Hollow carbon architectures with mesoporous shells via self-sacrificial templating strategy using metal-organic frameworks

Abstract

A self-template method is reported to prepare hollow-structured and ordered mesoporous carbon (HOMC) nanoplates by depositing resol-F127 monomicelles onto the surface of metal-organic-framework nanosheets, followed by hydrothermal reaction and carbonization.

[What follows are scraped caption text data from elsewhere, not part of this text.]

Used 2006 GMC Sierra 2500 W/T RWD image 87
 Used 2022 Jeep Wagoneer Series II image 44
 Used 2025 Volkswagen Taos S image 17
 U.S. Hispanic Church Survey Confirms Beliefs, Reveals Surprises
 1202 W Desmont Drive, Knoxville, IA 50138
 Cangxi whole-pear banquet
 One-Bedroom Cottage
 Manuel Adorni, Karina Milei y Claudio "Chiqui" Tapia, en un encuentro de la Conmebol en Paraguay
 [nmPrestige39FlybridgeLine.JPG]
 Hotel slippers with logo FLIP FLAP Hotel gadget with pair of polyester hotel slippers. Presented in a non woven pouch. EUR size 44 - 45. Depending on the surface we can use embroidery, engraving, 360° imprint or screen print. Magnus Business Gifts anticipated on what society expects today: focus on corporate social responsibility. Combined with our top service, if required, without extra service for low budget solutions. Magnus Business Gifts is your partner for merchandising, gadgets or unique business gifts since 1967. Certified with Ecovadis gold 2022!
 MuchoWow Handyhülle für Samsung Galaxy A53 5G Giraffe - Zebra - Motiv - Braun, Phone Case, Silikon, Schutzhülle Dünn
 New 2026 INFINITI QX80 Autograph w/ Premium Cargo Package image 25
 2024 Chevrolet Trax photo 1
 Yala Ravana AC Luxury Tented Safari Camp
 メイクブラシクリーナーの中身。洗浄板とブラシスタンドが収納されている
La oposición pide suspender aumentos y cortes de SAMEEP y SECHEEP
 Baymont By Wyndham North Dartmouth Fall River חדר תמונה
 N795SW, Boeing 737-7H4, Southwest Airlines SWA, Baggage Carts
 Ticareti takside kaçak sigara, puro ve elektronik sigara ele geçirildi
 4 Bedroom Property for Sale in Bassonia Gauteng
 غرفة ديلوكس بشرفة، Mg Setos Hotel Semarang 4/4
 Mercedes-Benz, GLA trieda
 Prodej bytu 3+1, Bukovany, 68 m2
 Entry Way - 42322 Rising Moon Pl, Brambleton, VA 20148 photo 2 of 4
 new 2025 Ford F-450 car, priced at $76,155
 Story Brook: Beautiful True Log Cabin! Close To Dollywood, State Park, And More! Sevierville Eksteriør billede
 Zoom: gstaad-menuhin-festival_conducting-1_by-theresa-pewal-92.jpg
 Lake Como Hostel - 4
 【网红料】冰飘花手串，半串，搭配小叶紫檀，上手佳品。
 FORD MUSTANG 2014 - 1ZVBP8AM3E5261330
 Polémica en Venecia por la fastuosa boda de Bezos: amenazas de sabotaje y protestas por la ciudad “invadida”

From adding FeCl 3 during the hydrothermal reaction, Fe-doped HOMC can be obtained after carbonization, which exhibits higher electrocatalytic activity and efficiency than the commercial Pt/C during the oxygen reduction reaction • Hollow-structured OMC (HOMC) nanosheets are prepared by a self-template strategy. • Fe-doped HOMC is obtained as a result from adding FeCl 3 during assembly process. • The Fe-doped HOMC exhibits outstanding electrocatalytic ORR performance. The rational design and fabrication of ordered mesoporous materials with highly exposed surface area are of great significance to address the fundamental challenges in electrochemistry-related applications by providing more active sites and fast ion/gas diffusion channel. In this work, a self-template method is reported to prepare hollow-structured mesoporous carbon (HOMC) nanoplates by depositing resol-F127 micelles onto the surface of metal–organic-framework (MOF) nanoplates, followed by hydrothermal reaction and carbonization. The parameters influencing the morphology and microstructure of the HOMC materials, i.e. , the MOF-to-resol-F127 ratio and the concentration of resol-F127 micelles, are systematically investigated. Fe-doped HOMC (Fe/HOMC) is obtained after carbonization, as a result from adding FeCl 3 during the hydrothermal reaction. Benefiting from morphological aspects, such as the nanoplate shape, the hollow structure, and mesoporous walls, the Fe/HOMC exhibits higher electrocatalytic activity and efficiency than the commercial Pt/C during oxygen reduction reaction (ORR). In addition, when compared to traditional Pt/C benchmark, the Fe/HOMC shows a superior durability and tolerance to methanol poisoning while operating for ORR. The assembled Zn-air battery possesses high power densities with excellent cycling stability. The strategy proposed here can provide a new avenue for the design of ordered mesoporous materials with hollow structure for a wide variety of applications.